Absolute Distance Measurement System Based on the Self-mixing Interferometry of a Three-wavelength Optical Fiber Laser

An absolute distance measurement system based on the self-mixing interferometry of a three-wavelength optical fiber laser has been presented and experimented. The optical fiber laser is consisted of three independent laser cavities and there is erbium-doped fiber as a gain medium in each laser cavity. The three laser cavities use fiber Bragg gratings as the reflectors and wavelength selectors, and three wavelengths have been emitted simultaneously.

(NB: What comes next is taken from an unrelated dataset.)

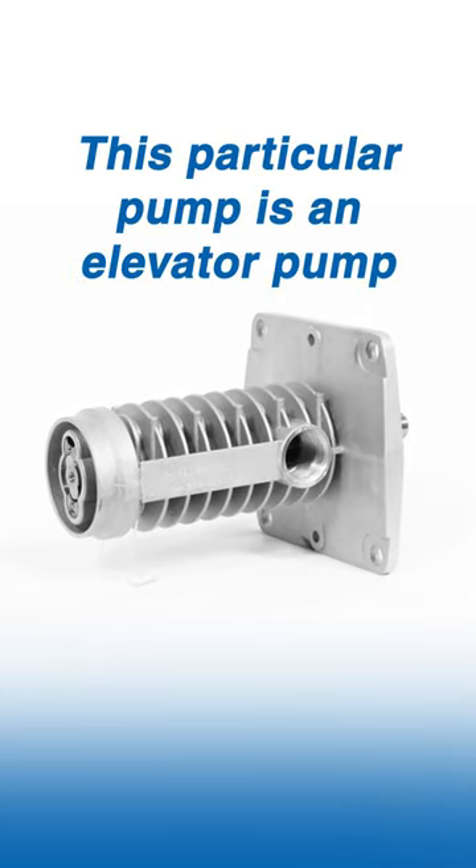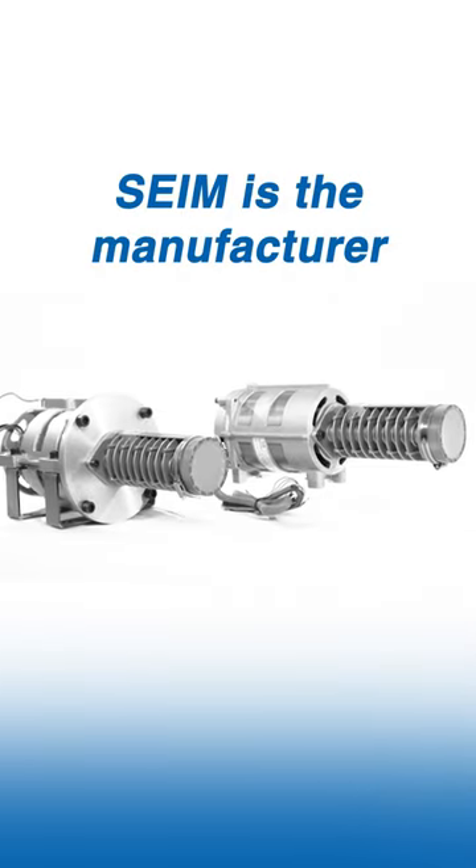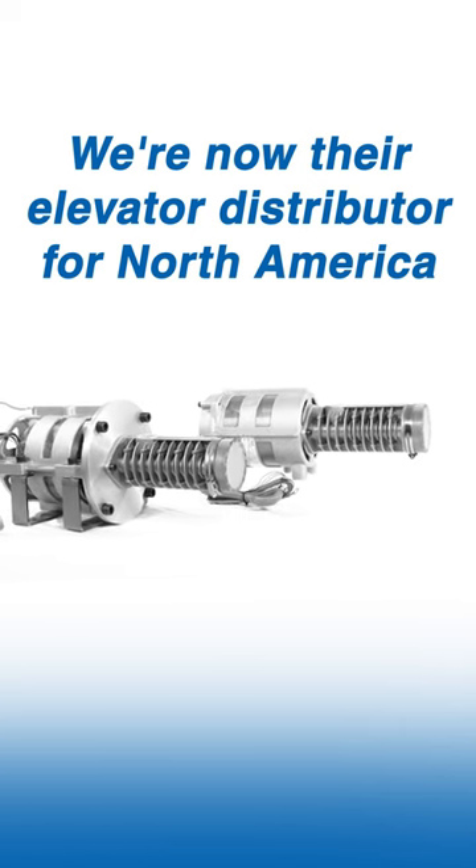This particular pump is an elevator pump or a hydraulic pump. Same as the manufacturer, and we're now their elevator distributor for North America.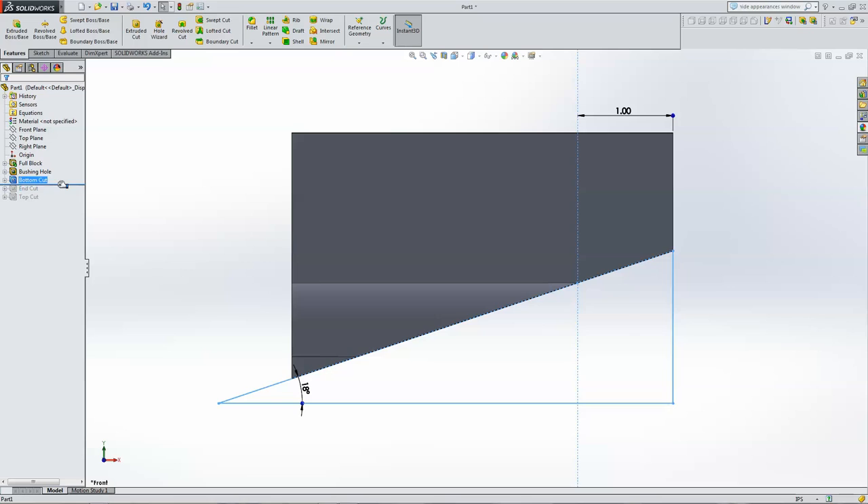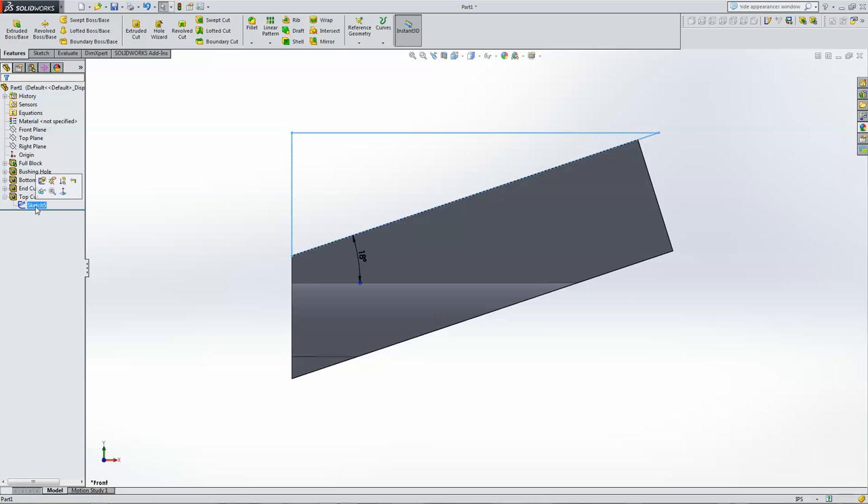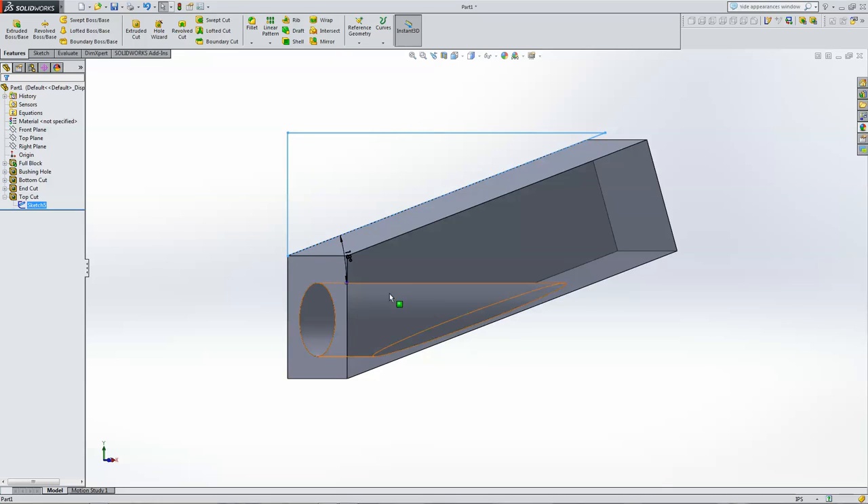Then we need to flatten the end off so it will rest up against the stock — that's the end cut. I draw a perpendicular line and make that end cut. Then for the top, I want a flat surface I can use to clamp, so we'll do a top cut here, making the angle the same so the two edges are parallel. I'll probably rough these cuts out on the band saw, leave a little material, then stick it in the mill and smooth them out nicely. You can see the hole in the transparent surface view — that's the full jig shape.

There is no laser mode competition between the three wavelengths so each of the three wavelengths has stable frequency and power. Absolute distance measurement can be realized based on the self-mixing interferometry of the three wavelengths and the coincidence of the phase decimal of the three wavelengths self-mixing interferometric signals. By the method of simulation analyzing, the difference between every two adjacent wavelengths should be equal approximately. In the experiments, the difference between every two adjacent wavelengths is about 10 nm. A step with the nominal height of 11 mm and the corrected value less than 2.7 mu m was measured by the system. The measurement result is 11.000 059 mm. The standard deviation of twenty times repeated measurements of the absolute distance 13.000 090 mm is 4.4 nm.